The text of these "lost" revisions still exists and can be manually recovered at the database level. For instance, if [[uncyclopedia:pt:Pikachu Libre]] is one of the affected articles, going through the individual database tables gives:
SELECT * FROM `page` WHERE `page_namespace` = 0 AND `page_title` = 'Pikachu_Libre'; --- finds page_id = 605765 SELECT * FROM `revision` WHERE `rev_page` = 605765 ORDER BY `revision`.`rev_id` DESC; --- finds a half-dozen revisions, of which the most recent (rev_id=3957083, rev_page=605765,rev_comment_id=0,rev_actor=0,rev_timestamp=20201118202636) is not viewable from within MW 1.35 and which (predictably) falls within the timeframe affected by the update.php run, which was done on 2020-11-18 --- Now take a gamble at the `slots` table, betting everything on 3957083 SELECT * FROM `slots` WHERE `slot_revision_id` = 3957083 AND `slot_origin` = 3957083; --- So what do I win? A slot_content_id of 3501628, which gives: SELECT * FROM `content` WHERE `content_id` = 3501628; --- gives content_address = tt:3921557, where SELECT old_text FROM `text` WHERE `old_id` = 3921557; --- returns the text of this "lost" revision, but minus the edit comment and the author's name; at this point the sysadmin is promptly arrested for violating CC-BY-NC-SA's attribution requirement, a copyright infringement and a serious criminal offence, and promptly sent up the river to prison
OK, great. That still doesn't put the article back into an editable state, nor does it restore the "missing" revision. It is possible to get the article to be editable again by forcing a valid, previous revision.rev_id from the same page into the page table:
SELECT * FROM `revision` WHERE `rev_page` = 605765 AND `rev_timestamp` < '20201118000000' ORDER BY `revision`.`rev_id` DESC; --- found rev_id=3870070 as the most recent before the day of the "upgrade", so force that value into the page table as: UPDATE `page` SET `page_latest` = '3870070' WHERE `page`.`page_id` = 605765; --- and somehow the page becomes editable, but without the revision made during the update.php run. Now multiply this across hundreds of edits over several dozen pages, and it becomes clear that - while the problem is not irremediable - this is rapidly becoming a disaster.

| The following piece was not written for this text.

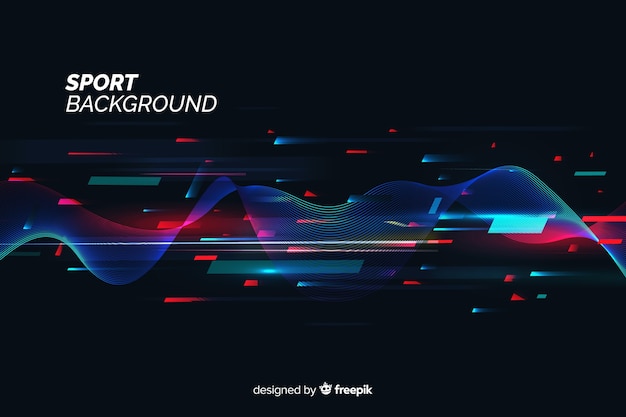 Abstract flat shapes sport background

Obviously, a few issues here:
- Why is the update.php script leaving articles in an uneditable state if they were edited while the update was running on the server? I presume this is happening during all of the huge schema changes which replaced (page, revision, text) with (page, revision, actor, slot, content, text) but it gets ugly on a busy production site.

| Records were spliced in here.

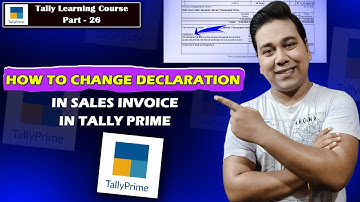 How To Change Declaration In Sales Invoice in Tally Prime | Add Terms and Conditions In Invoice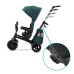 KINDERKRAFT SELECT Tříkolka Easytwist Midnight Green, Premium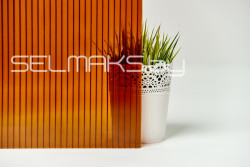 Поликарбонат сотовый цветной  8мм «Скарб-про» ЛЮКС, 1,5 кг/м2 - фото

- Why is there no automated maintenance script to fix these? At a minimum, there should be some means to go through the page/revision tables, find any entries for which page.page_latest points to something which isn't usable content (for whatever reason) and repoint page.page_latest to the latest usable revision so that the affected pages can be edited again.

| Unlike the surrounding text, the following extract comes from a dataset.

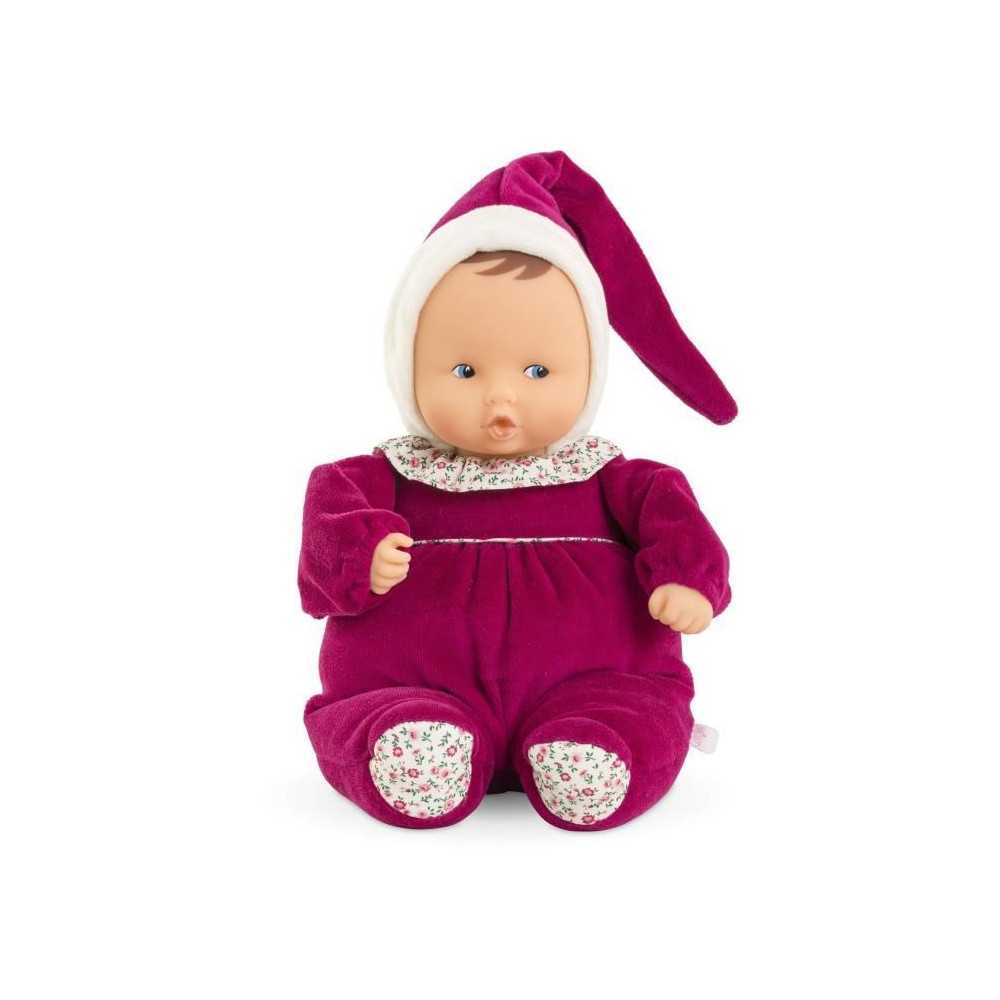 Doudou - COROLLE - Babipouce Rose Grenadine - 28 cm - senteur vanille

- What happened to revision.rev_actor and revision.rev_commentid? The documentation at [[mw:Manual:Revision_table]] claims that these fields were used in MW 1.35 to replace the old rev_comment, rev_user and rev_user_text, but on the actual database (with the MW 1.35 maintenance/update.php applied) they're both '0' for every record - for every page or revision created either before, during or after the conversion. The data has been moved somewhere else, but where, and why doesn't the documentation on https://www.mediawiki.org/wiki/Manual:Revision_table reflect this?
I've been manually setting page.page_latest back to sane values at the database level, one page at a time, as I have a brazillion very dissatisfied users at this point.
This process needs to be automated, and the bug that allowed this situation to occur needs to be fixed. Any suggestions?